Önünde eğildim ben de.
Boyun eğdim.
Her gitar teline bastığında,
Kalbime bastırdın esasen.

Anlatamadım,
Anlatsam kurtulacaktım oysa ki,

Neresinden tutsam elimde kaldı adam,
Bitmedi yollar,
Geçmedi acım,

Upuzun sahiller hayal ediyorum,
Önümde, arkamda, sağımda, solumda,
Hep mi sobeydi be!

Sesinden, ellerinden, koynundan uzaktayım evet!
Ama bilir misin ki, her gece yatağındayım,
Her gece aklında..
Eminim ki, kalbini kuşattım,
Fethedemesem de kuşattım eminim.

O zavallı kurşunun, kurşun geçirmez yelekle yaşadığı platonik aşktım ben.
Yetiş gel desem gelmezsin artık,
Ömrüm gözlerinin içine bakarak geçse ya,
Konuşmasan da olurdu,

Ne vardı bu yarayı bu şarkıyla ortaya koysam ha?
Ne olurdu kimselerle paylaşmasam seni.

Kazınsan ya aklımdan,
İlle de ölmem mi gerekirdi?!

Ne veda edebildim, ne kalabildim onca zaman,
Ne olurdu gitmeseydin,
Ne olurdu bir şey demek istemeseydin!

Biliyor musun?
Ruhumu yakan bir şeyler var içimde,
Öyle bakma nolur, kırılır.


Feraşe.

21 Kasım 2017 Salı

Yarış Bitti !









Gitmiş,
Benden ne varsa gitmiş.
Yazık!
Benim çabalarım tutunmak içindi.
Ben tutunmak için km' lerce tırmanırken,
Tek bir hamlenle onca km' nin üzerine yığıldım kaldım.

Sormadım, sorgulamadım.
Sevdin sandım, sevdiğini sandım.
Sana geldiğimde arınacaktım,
Beni onca ağırlığımla beraber ittin sen,
ve ben onların da altında kaldım.
Zaman garip bir şeymiş,
Duyguların bile fiziki halini değiştirebilirmiş,
Sımsıcakken buz gibi yapabilirmiş,
Merhametliyken de merhametsiz!

Işığı görmüşken ben,
Söylenecek onca şey varken,
Neden?
Belki dinleseydin geçerdi.
Belki geçerdik,
"sen sadece bak, ben anlarım, dolmasın gözlerin..
iyi şeyler bu yazdıklarım." demiştin.
Yetmedi.
Yetemedi.

Ben yürürken, kalbimin koşması gerekirmiş,
Hatta rekordan rekora tırmanmasıymış doğru olan.
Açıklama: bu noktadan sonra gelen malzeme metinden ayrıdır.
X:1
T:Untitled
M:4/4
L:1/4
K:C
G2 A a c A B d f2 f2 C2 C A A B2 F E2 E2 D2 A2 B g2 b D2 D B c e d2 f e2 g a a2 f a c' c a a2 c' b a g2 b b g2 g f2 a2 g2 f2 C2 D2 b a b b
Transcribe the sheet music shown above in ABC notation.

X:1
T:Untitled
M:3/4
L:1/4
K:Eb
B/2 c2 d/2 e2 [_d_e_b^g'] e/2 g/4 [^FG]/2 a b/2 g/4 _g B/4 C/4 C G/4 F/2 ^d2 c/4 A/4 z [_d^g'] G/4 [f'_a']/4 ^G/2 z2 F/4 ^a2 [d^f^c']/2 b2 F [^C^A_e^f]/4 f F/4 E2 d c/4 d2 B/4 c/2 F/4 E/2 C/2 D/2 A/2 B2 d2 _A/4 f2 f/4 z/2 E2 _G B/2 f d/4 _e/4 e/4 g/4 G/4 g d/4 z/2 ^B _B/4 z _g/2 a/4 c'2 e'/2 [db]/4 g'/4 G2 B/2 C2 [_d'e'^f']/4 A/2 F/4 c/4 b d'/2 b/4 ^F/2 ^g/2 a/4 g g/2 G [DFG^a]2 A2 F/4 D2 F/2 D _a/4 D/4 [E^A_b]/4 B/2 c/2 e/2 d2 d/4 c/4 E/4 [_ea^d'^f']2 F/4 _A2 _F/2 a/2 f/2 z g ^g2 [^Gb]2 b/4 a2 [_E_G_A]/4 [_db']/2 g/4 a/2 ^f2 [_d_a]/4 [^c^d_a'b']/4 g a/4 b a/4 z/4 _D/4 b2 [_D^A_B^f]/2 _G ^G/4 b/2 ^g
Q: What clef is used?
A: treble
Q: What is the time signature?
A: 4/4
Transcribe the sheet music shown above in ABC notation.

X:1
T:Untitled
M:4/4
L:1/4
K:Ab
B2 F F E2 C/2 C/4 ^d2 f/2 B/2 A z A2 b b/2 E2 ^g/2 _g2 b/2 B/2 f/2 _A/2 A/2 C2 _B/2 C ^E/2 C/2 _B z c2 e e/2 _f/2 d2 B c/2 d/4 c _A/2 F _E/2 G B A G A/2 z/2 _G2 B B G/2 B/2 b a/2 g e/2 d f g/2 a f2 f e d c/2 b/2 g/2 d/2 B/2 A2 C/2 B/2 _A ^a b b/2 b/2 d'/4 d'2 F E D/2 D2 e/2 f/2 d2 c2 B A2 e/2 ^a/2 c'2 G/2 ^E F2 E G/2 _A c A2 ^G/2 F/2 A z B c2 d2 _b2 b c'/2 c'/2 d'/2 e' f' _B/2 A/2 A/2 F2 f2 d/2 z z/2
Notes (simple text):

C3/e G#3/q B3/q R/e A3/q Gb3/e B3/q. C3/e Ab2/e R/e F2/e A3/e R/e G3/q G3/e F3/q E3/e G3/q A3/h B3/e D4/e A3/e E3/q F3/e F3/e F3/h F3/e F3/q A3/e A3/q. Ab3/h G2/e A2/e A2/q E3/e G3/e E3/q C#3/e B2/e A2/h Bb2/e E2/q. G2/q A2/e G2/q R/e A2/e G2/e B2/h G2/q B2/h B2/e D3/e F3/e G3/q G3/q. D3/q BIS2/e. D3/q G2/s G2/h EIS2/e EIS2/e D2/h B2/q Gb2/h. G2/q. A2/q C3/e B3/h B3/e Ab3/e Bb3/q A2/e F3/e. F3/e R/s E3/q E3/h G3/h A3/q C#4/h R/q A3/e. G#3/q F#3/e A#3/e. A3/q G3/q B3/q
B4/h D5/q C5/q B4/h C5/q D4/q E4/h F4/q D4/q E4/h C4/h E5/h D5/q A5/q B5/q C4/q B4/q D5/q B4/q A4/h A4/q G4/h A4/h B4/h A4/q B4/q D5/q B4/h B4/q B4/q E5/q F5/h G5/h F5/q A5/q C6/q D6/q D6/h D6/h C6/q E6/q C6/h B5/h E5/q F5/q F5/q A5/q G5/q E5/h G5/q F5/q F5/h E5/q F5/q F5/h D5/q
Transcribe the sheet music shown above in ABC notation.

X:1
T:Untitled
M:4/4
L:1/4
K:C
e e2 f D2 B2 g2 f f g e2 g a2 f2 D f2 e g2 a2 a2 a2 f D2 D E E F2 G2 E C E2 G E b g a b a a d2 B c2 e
Bir kalbe başka kalbi zorla sığdıramazsın ya hani.
"Seni bilmeden sen olamam, sen olmadan da ben olmaz"
Ne kadar dolu bir duygu dizesi gibi değil mi?
Zemini su olan bir araziye oturtulmuş harflermiş meğer.
Tek yağmurda iniverdiler aşağıya.
Karıştılar yağmura ve arkalarına bakmadan gittiler ben ise
Onca dolu sandığım harflerden kalanlarla kalakaldım biliyor musun?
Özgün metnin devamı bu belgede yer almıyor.